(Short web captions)
========

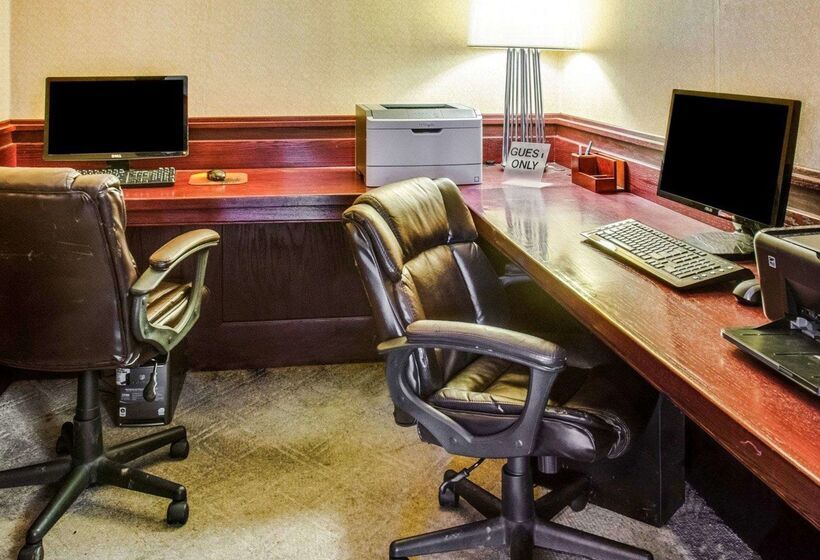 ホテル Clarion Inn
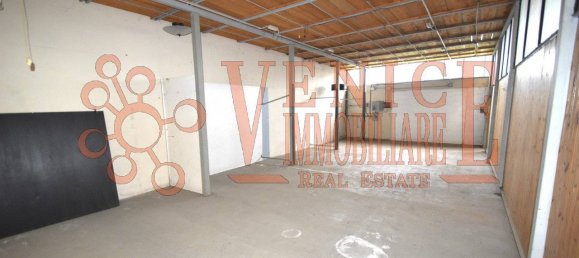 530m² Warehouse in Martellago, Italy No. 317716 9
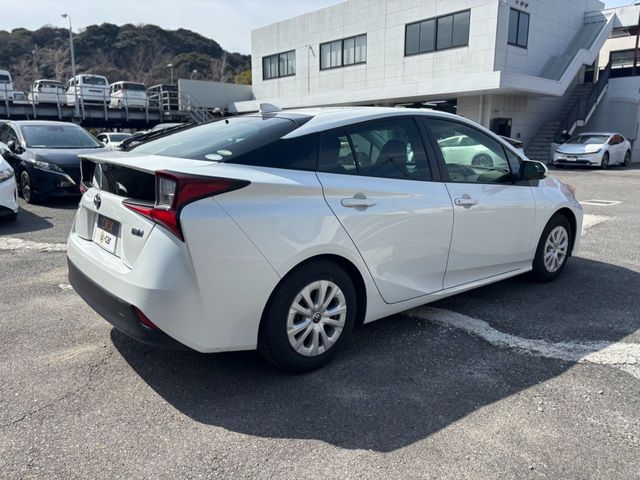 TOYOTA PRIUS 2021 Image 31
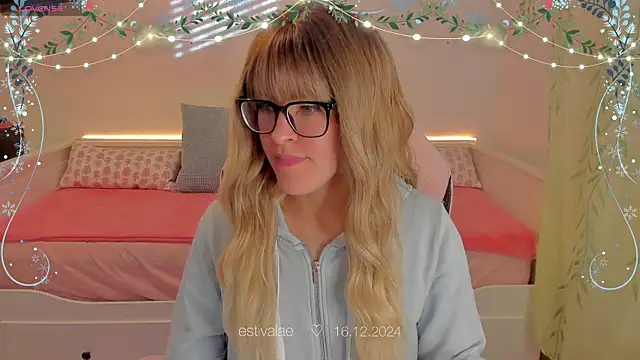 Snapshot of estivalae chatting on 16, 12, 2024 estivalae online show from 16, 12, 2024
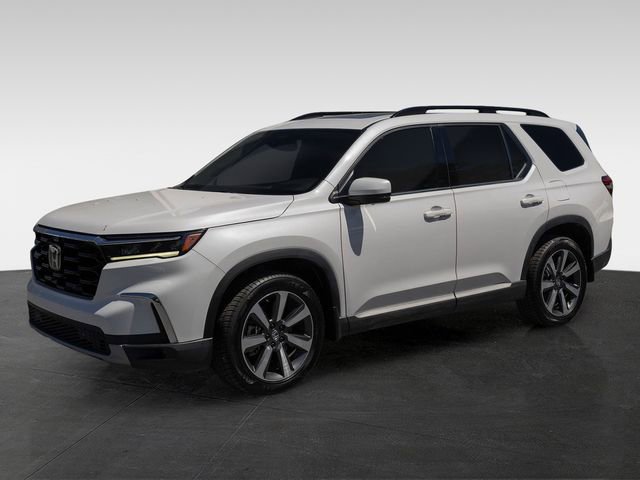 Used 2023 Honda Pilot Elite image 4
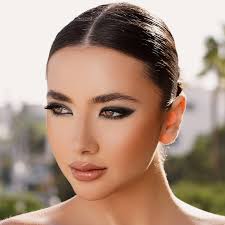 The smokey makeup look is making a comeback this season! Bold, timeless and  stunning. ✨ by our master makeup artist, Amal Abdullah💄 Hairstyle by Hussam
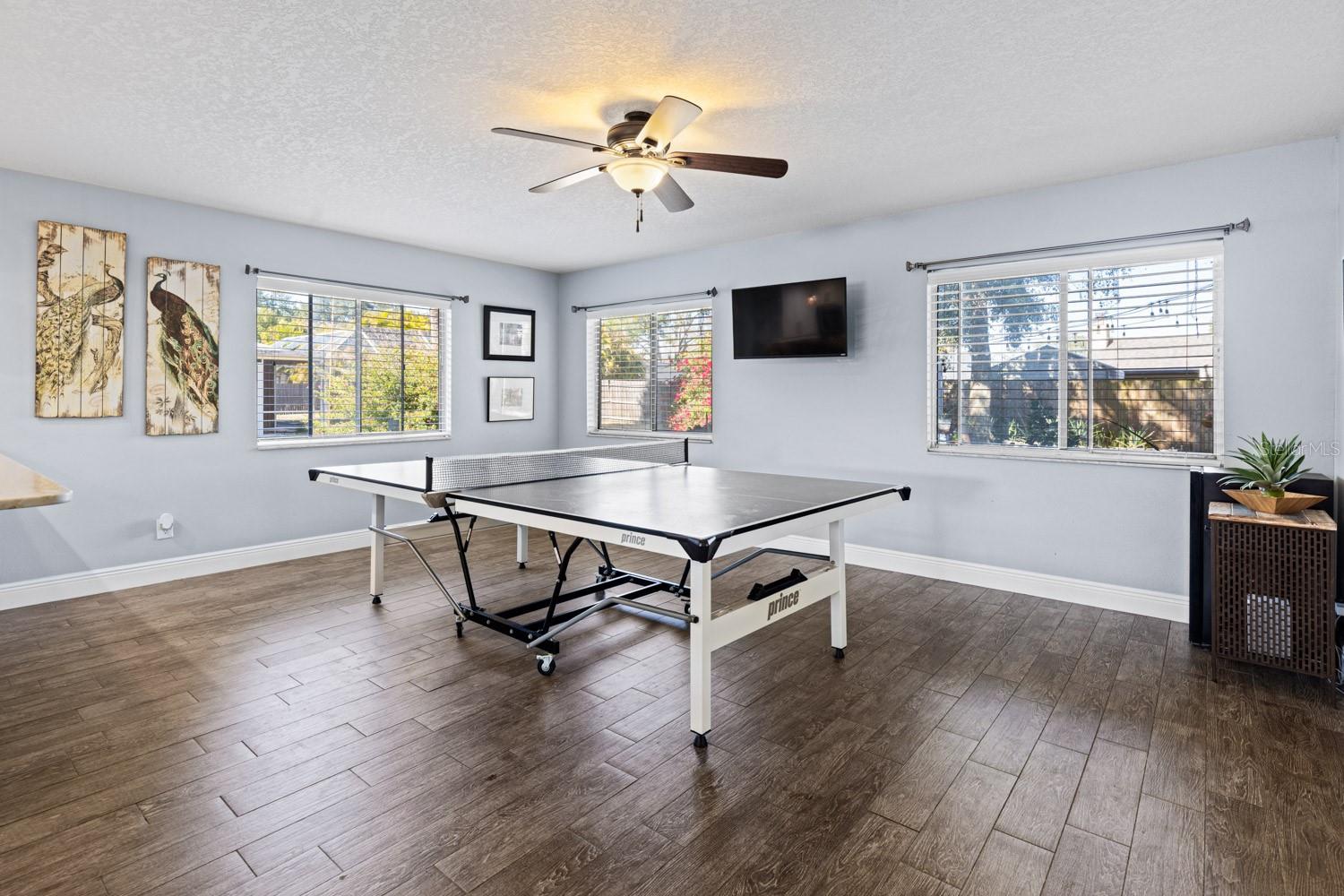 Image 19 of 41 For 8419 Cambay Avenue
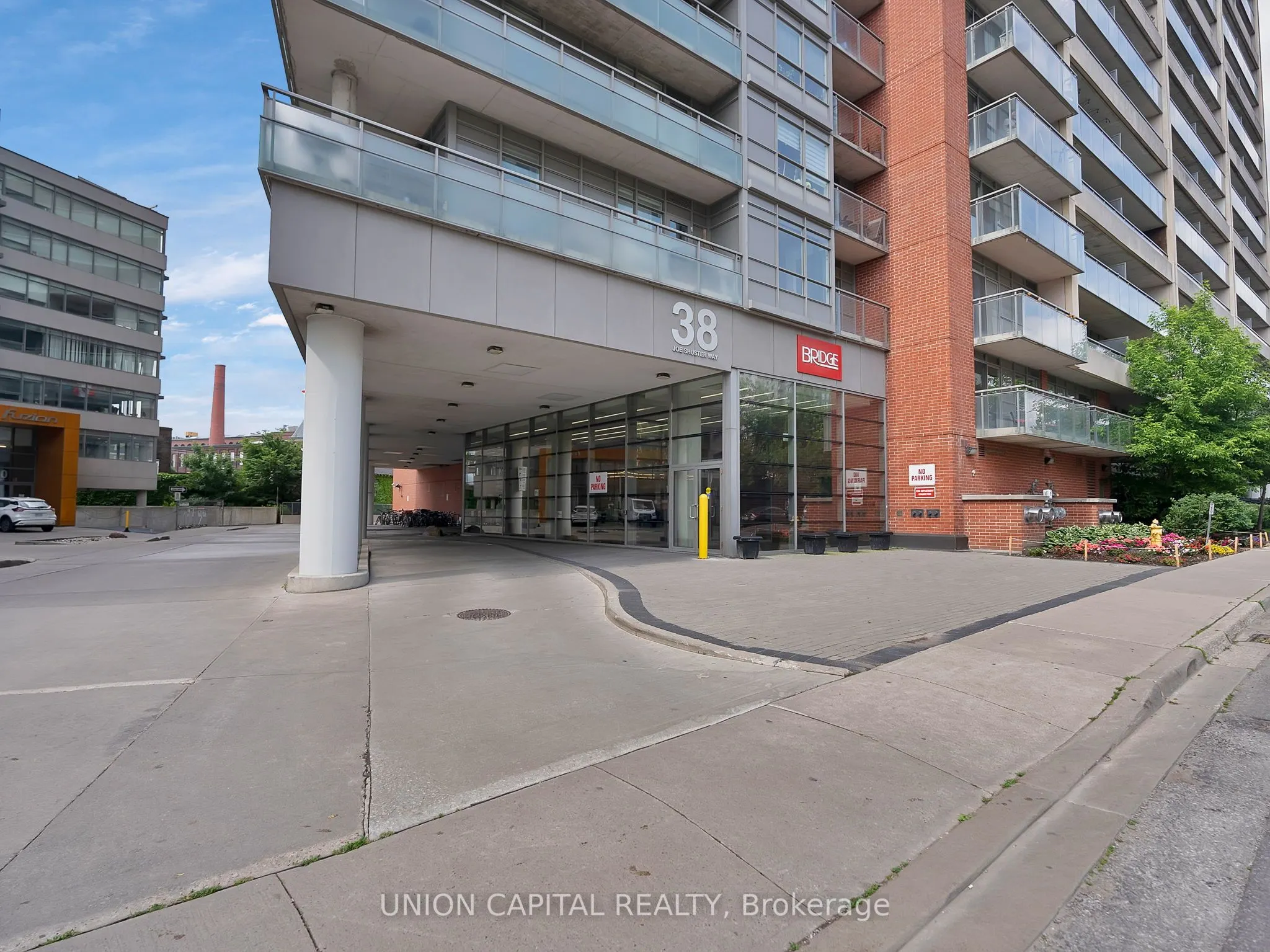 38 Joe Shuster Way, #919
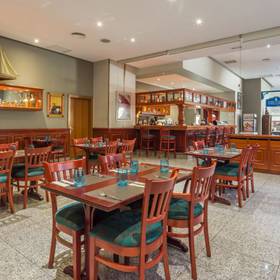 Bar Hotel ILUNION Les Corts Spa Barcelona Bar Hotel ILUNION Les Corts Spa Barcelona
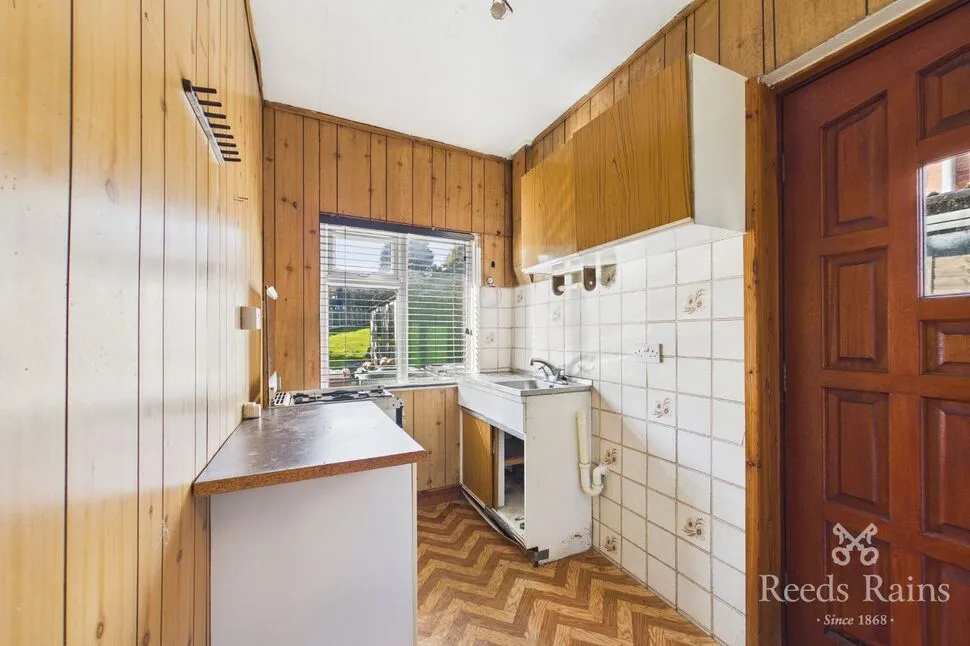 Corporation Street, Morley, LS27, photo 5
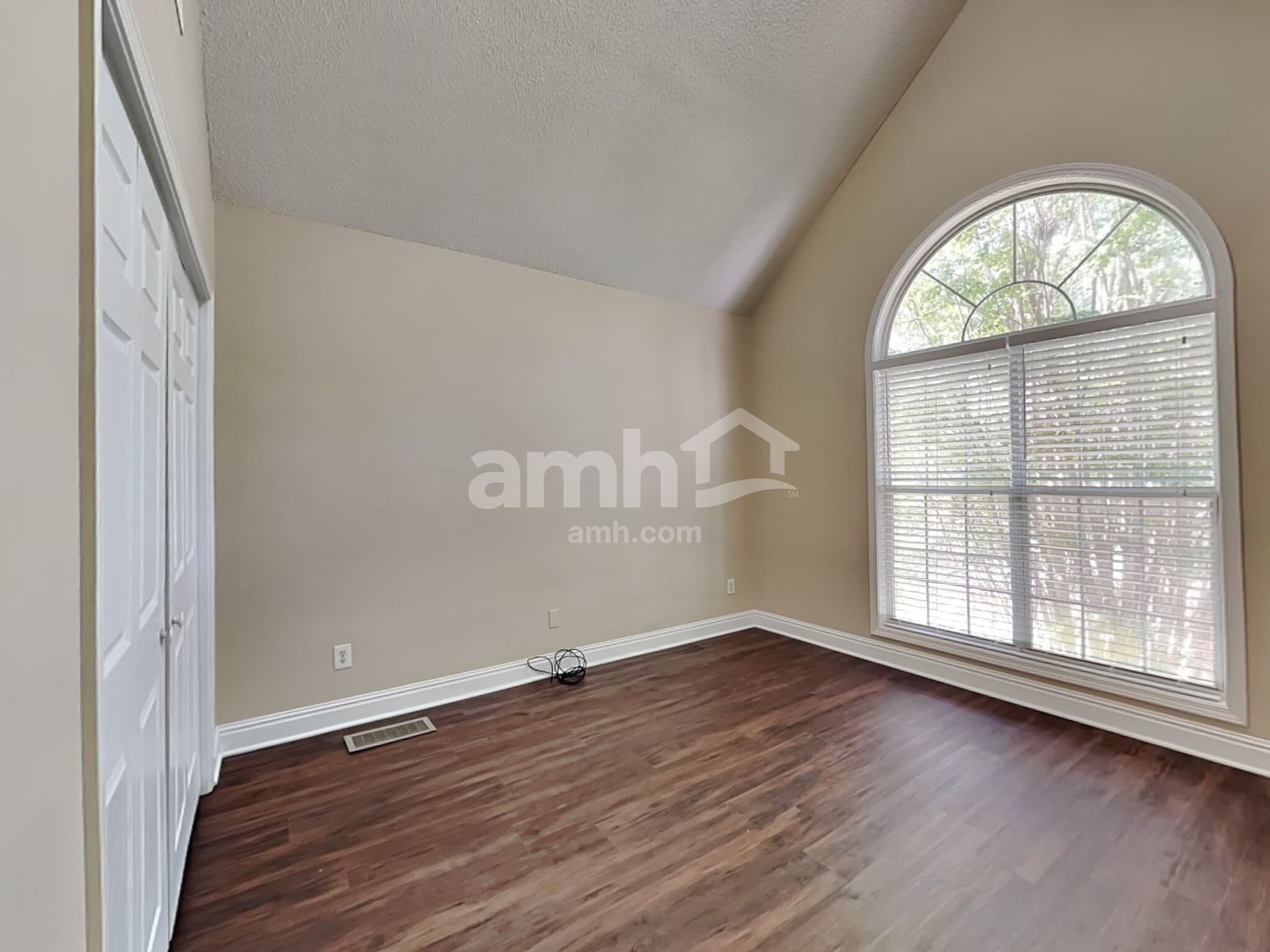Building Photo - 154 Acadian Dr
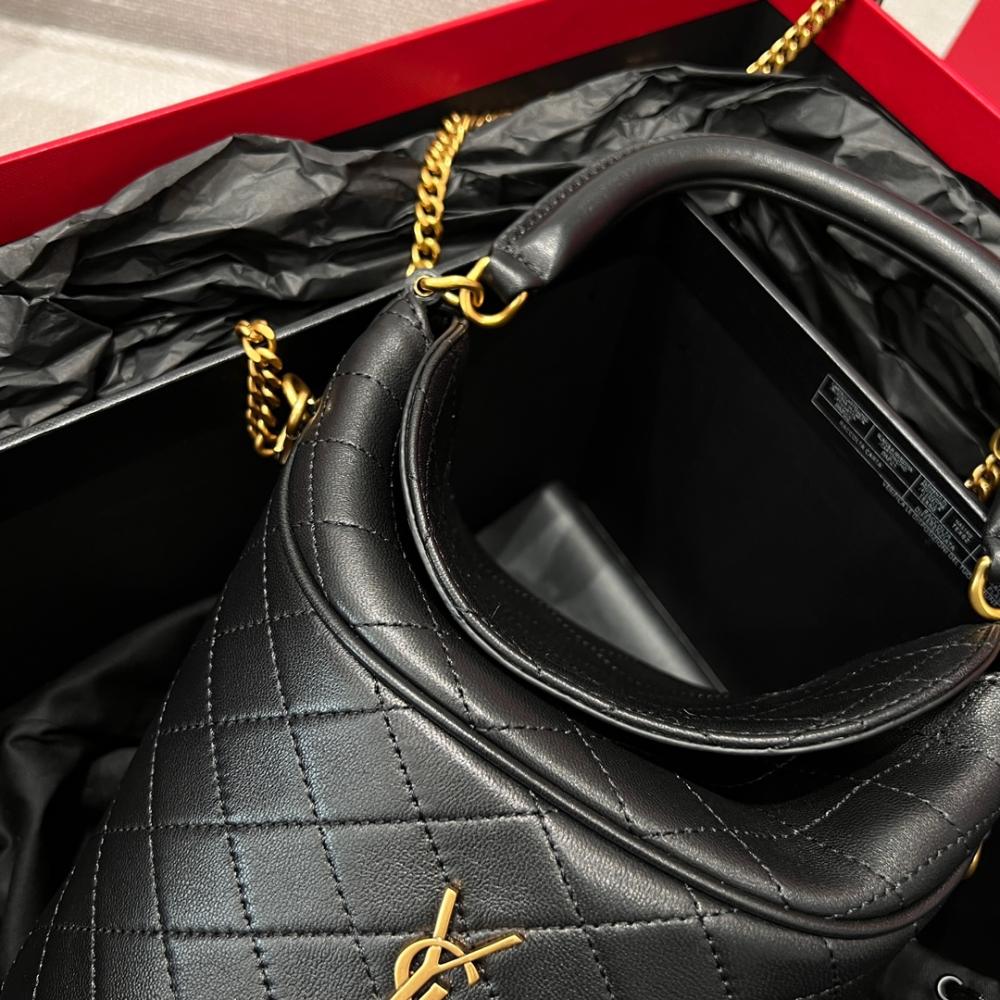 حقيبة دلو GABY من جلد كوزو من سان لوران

========

*INSTRUCTIONS TO FOLLOW*
Only the lines from the one containing "TOYOTA PRIUS 2021 Image 31" through the last line of the entries should be transcribed, exactly and with no pictures.

*EXERCISE SOLUTION*
 TOYOTA PRIUS 2021 Image 31
 Snapshot of estivalae chatting on 16, 12, 2024 estivalae online show from 16, 12, 2024
 Used 2023 Honda Pilot Elite image 4
 The smokey makeup look is making a comeback this season! Bold, timeless and  stunning. ✨ by our master makeup artist, Amal Abdullah💄 Hairstyle by Hussam
 Image 19 of 41 For 8419 Cambay Avenue
 38 Joe Shuster Way, #919
 Bar Hotel ILUNION Les Corts Spa Barcelona Bar Hotel ILUNION Les Corts Spa Barcelona
 Corporation Street, Morley, LS27, photo 5
Building Photo - 154 Acadian Dr
 حقيبة دلو GABY من جلد كوزو من سان لوران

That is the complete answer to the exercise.